(To do)
Using the records below, write out again exactly the lines that begin at the line containing "Keen Big Kids'" and end at the line containing "Tea time-poster poster", and no other lines.

[Extracted records]
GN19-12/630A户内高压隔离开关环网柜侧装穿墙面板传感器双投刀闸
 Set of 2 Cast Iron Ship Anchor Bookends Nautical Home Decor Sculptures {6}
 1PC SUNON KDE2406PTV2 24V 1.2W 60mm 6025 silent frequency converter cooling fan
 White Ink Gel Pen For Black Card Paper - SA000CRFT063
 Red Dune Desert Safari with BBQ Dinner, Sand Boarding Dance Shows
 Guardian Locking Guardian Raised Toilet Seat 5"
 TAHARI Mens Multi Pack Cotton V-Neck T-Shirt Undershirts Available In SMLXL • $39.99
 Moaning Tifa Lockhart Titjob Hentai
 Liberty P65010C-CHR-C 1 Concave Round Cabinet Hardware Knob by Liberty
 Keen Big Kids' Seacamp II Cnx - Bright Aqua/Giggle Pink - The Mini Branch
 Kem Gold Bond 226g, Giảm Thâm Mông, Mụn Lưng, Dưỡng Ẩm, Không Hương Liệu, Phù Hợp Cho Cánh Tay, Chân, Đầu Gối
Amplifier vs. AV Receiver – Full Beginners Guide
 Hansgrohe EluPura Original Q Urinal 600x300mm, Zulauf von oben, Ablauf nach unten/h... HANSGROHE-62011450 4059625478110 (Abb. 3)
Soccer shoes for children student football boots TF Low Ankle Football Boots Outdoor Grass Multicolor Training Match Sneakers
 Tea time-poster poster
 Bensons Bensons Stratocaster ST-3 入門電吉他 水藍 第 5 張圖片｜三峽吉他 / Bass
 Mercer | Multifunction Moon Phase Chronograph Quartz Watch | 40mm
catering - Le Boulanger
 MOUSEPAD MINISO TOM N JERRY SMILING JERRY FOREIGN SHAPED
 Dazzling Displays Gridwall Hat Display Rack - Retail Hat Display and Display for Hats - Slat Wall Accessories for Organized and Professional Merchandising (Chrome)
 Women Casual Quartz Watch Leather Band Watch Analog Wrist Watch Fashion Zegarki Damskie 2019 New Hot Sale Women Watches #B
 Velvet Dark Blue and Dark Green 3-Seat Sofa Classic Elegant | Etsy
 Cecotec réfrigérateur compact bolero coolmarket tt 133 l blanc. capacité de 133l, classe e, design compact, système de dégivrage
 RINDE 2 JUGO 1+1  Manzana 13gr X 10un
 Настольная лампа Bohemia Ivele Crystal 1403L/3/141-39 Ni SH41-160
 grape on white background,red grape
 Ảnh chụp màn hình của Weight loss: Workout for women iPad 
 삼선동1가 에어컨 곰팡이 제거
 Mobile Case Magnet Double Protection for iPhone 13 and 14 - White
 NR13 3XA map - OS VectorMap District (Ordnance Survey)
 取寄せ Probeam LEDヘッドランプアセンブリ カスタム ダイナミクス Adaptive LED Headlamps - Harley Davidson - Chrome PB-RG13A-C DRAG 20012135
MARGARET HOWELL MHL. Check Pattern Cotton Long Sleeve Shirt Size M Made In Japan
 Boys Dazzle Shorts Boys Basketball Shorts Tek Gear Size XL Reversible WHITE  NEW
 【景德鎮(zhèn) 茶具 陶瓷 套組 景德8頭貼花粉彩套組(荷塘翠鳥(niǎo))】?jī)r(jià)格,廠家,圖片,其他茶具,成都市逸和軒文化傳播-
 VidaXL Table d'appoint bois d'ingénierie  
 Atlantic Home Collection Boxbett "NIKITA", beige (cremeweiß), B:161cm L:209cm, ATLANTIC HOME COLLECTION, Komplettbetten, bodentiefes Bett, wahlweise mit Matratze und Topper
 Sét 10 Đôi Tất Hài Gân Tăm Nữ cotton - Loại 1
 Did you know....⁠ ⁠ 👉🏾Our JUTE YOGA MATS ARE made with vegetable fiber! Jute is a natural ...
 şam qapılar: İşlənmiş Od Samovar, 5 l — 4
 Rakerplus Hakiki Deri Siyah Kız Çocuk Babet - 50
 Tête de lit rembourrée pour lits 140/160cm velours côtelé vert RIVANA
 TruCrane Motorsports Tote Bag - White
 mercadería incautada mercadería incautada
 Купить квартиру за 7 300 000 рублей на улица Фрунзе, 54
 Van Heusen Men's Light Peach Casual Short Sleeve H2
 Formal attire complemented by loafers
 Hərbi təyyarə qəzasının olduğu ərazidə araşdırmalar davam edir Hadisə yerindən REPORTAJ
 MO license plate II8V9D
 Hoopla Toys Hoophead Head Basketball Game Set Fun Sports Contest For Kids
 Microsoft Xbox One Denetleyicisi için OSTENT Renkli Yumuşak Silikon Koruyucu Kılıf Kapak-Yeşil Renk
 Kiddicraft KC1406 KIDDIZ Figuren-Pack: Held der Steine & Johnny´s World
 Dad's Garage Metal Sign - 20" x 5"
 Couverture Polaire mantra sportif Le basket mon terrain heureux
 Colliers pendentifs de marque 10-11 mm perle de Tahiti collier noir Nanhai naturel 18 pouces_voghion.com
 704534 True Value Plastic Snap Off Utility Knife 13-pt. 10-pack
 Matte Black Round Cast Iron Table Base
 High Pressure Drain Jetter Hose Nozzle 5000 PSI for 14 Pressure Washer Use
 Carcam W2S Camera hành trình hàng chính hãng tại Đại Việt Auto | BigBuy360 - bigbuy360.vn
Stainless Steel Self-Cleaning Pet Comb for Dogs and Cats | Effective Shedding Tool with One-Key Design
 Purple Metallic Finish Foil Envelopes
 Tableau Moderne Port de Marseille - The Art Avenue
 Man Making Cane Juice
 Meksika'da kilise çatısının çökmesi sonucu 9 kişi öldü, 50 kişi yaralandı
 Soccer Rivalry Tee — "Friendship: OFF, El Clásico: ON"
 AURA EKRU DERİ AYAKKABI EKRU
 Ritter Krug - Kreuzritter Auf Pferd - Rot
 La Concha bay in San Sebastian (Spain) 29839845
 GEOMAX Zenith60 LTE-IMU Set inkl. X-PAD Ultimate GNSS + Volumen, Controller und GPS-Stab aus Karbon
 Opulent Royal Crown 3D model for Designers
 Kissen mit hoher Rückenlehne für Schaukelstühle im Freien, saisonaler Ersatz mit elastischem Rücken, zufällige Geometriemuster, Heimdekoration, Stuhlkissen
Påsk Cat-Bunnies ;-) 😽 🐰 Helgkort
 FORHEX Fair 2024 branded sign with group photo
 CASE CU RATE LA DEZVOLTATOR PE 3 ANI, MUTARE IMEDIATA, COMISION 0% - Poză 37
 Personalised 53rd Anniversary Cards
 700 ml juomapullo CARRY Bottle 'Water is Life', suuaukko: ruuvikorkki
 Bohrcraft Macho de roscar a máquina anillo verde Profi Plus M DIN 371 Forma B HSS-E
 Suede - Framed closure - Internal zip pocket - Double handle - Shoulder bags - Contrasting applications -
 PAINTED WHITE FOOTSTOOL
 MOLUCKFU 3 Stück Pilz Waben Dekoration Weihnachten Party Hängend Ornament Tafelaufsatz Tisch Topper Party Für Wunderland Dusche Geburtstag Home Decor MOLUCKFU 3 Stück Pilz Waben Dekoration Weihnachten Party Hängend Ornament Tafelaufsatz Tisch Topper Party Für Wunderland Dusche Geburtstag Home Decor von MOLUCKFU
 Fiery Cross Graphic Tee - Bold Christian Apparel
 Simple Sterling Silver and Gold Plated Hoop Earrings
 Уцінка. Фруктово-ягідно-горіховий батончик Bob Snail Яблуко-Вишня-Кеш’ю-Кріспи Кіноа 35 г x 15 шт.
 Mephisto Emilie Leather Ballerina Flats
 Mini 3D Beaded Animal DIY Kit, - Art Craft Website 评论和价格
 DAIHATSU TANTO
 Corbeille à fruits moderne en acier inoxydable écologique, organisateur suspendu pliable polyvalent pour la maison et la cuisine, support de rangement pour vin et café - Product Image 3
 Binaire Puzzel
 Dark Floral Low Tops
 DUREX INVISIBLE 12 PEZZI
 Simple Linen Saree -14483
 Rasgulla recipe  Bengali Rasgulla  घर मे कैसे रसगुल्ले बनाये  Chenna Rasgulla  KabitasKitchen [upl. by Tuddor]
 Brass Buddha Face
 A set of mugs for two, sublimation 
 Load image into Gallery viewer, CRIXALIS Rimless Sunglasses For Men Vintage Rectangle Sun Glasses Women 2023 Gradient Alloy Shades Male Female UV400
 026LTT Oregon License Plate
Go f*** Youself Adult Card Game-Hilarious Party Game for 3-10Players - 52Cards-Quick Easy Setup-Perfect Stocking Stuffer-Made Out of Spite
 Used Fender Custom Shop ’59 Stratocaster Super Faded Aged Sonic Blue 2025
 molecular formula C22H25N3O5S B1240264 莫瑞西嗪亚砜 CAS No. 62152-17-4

(Solution)
 Keen Big Kids' Seacamp II Cnx - Bright Aqua/Giggle Pink - The Mini Branch
 Kem Gold Bond 226g, Giảm Thâm Mông, Mụn Lưng, Dưỡng Ẩm, Không Hương Liệu, Phù Hợp Cho Cánh Tay, Chân, Đầu Gối
Amplifier vs. AV Receiver – Full Beginners Guide
 Hansgrohe EluPura Original Q Urinal 600x300mm, Zulauf von oben, Ablauf nach unten/h... HANSGROHE-62011450 4059625478110 (Abb. 3)
Soccer shoes for children student football boots TF Low Ankle Football Boots Outdoor Grass Multicolor Training Match Sneakers
 Tea time-poster poster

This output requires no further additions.